Monitoring and Follow-Up: Following up is also required to assess the healing up of the lesions and side effects of antibiotics if any. 

Management of Underlying Conditions: Treat or at least control other immunosuppressive conditions that may facilitate the development of bacillary angiomatosis like HIV or others. 

Infectious Disease

Improving Immunocompetence: Enhance management of such diseases as HIV & AIDS and ensure patients’ compliance to ART. 

Wound Care: Ensure that the lesions are clean and protected from other opportunistic infections. 

Nutritional Support: Ensure the patient gets an adequate diet with the appropriate supplement if required during the healing process. 

Regular Monitoring: Make periodic check-ups to see the progress of the diseases and changes in treatments. 

Infectious Disease

Tetracycline: The mode of action is by interacting with a 30S ribosomal subunit with some interaction with the 50S one to prevent bacterial protein synthesis. It is mainly an antibacterial agent that is not primarily bactericidal and has anti-inflammatory effects. They are active against many gram-positive and gram-negative bacteria and are effective for both systemic and local infections. 
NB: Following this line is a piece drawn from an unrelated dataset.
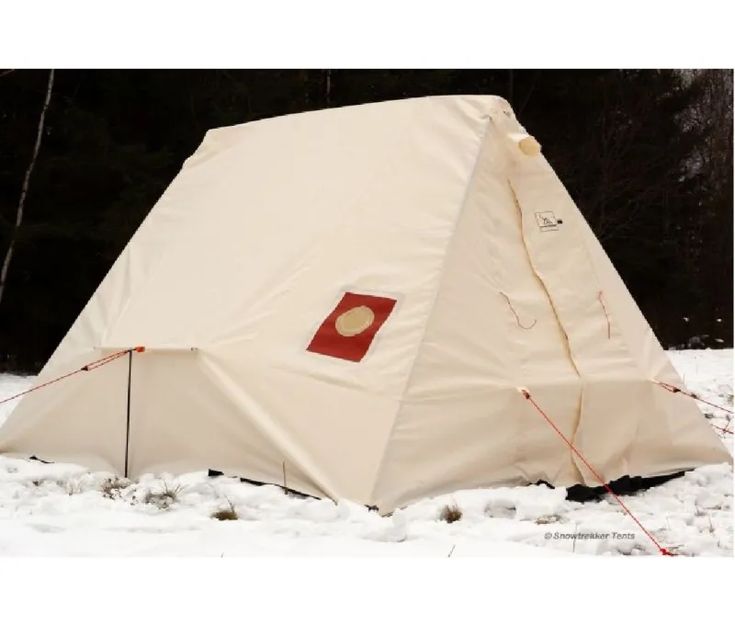 a white tent sitting in the snow next to trees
Erythromycin: This macrolide antibacterial agent interacts with the 50S ribosomal subunit and inhibits microbial protein synthesis. Erythromycin has activity between the two groups of Penicillin and Tetracyclines but well recognized for its bacteriostatic. 

Clarithromycin: Clarithromycin is a semi-synthetic macrolide that acts on bacteria by interfering with the process of release of the peptidyl tRNA from its ribosome so that protein synthesis which occurs through transcription of mRNA to RNA is prevented. Against cocci it is similar to erythromycin, but it is more effective against gram positive bacteria and has a similar spectrum to tetracyclines. 

Azithromycin: It interacts with the 50S ribosomal subunit and therefore, interrupts the synthesis of protein. Penicillin and tetracyclines are two types of antibiotics and erythromycin is a other Bacteriostatic macrolide antibiotic with a spectrum between Penicillin and tetracyclines. 

Doxycycline: This tetracycline antibiotic and bacteriostat interferes with bacterial protein synthesis by binding to 30S ribosomal unit, and perhaps the 50S unit, and depresses bacterial growth. It works given that it is administered two times per day. 

Rifampin: A bactericidal antibiotic that acts against bacterial DNA dependent RNA polymerase and thus leads to inhibition of bacterial proteins synthesis. This is especially true where there is extensive infection in immunocompromised persons. 

Trimethoprim and Sulfamethoxazole: This combination product works by preventing bacterial synthesis through the action of inhibiting dihydrofolic acid that is vital in bacterial DNA formation. 

Infectious Disease

Surgical Excision: Localized or symptomatic lesions, which may produce pain, or which might be threatened by complications. An operation may solve the problem and give some relief and stop the illness from progressing any further. 

Laser Therapy: Sometimes laser may be used for the treatment of skin lesions especially where the lesion is large or has socially sensitive location. Laser therapy has also been reported as useful in the reduction of size and visibility of these lesions. 

Cryotherapy: Superficial lesion may sometimes be treated through cryotherapy which involves freezing of the lesion using liquid nitrogen; this however is rare and only used when other measures cannot be used. 

Infectious Disease

Bacillary angiomatosis is managed through an organized strategy that is in phases. In the first place, critically evaluate the patient and obtain the clinical diagnosis; in addition, determine the severity of the disease. Treat with first-line antibiotics, give anxiolytics and other supportive care and observe the patient’s treatment progress. Procedure intervention should be performed on any complicating factors or localized lesion when needed. For long-term management, use of antibiotic as indicated, follow up for relapse and apply patient’s enzyme on importance of compliance. Last, the effectiveness of treatment should be assessed, and the treatment plan modified accordingly, while continuing monitoring essential especially for high-risk patients.